Mit der theatralen Enthüllung eines Erich Kästner-Zitates an der Hausfassade des Theaters der Jungen Welt Leipzig setzte das TdJW am Freitag, 8. Mai, dem 75. Jahrestag der Befreiung, ein Zeichen für Demokratie. Das Zitat ist recht lang, aber deutlich: „Die Ereignisse von 1933 bis 1945 hätten spätestens 1928 bekämpft werden müssen. Später war es zu spät. Man darf nicht warten, bis der Freiheitskampf Landesverrat genannt wird. Man darf nicht warten, bis aus dem Schneeball eine Lawine geworden ist. Man muss den rollenden Schneeball zertreten.
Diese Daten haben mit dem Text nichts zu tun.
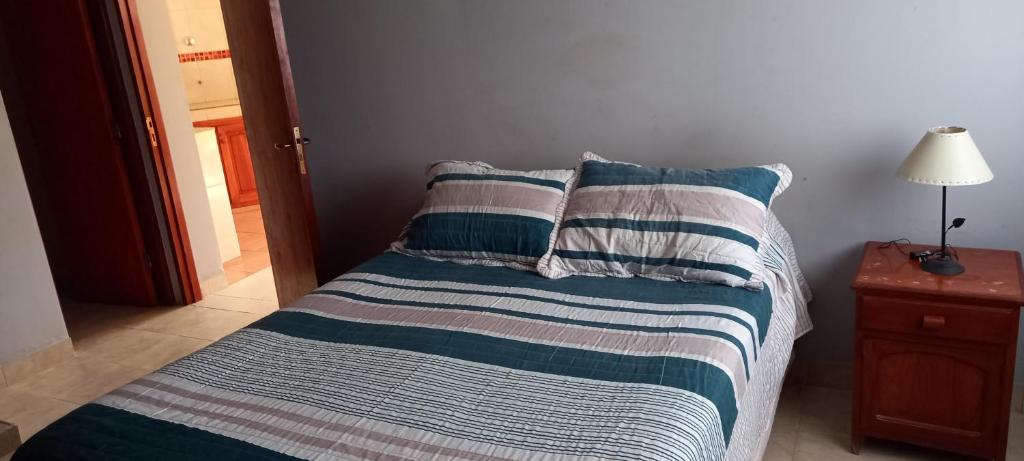 uma cama com lençóis listrados azul e branco e um candeeiro em La Hiedra em San Salvador de Jujuy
Die Lawine hält keiner mehr auf…“

Erich Kästner, der 1919 bis 1927 in Leipzig lebte, war ein genauer Beobachter und scharfer Kritiker der Nationalsozialisten. Das Zitat stammt aus dem Jahr 1958. Jürgen Zielinski, Intendant des Theaters der Jungen Welt, sagt dazu: „Inmitten der Corona-Krise wird versucht, weiterhin zur Spaltung der Gesellschaft beizutragen. Unsere Aktion versteht sich als performatives Zeichen für die Demokratie! Wir wollen dazu aufrufen, jeglicher Demokratiefeindlichkeit, jedem Bagatellisieren des Holocaust und immer stärker aufkeimendem Antisemitismus und Rassismus entschieden entgegenzutreten!“

Die Enthüllung des 14 mal 4 Meter großen Banners durch Fassadenkletterer wurde musikalisch begleitet von Laura Hempel und dem hebräischen Lied „Esai Nai“. Dieses Lied sang Laura Hempel in der Inszenierung „Juller“ (Regie: Jürgen Zielinski), über das Leben des deutsch-jüdischen Fußballnationalspielers Julius Hirsch sowie zur offiziellen Eröffnung des Herzlya-Platzes in Leipzig. Jürgen Zielinski hat diese Musik davor auch in seiner Inszenierung von „Mein Kampf“ von George Tabori eingesetzt.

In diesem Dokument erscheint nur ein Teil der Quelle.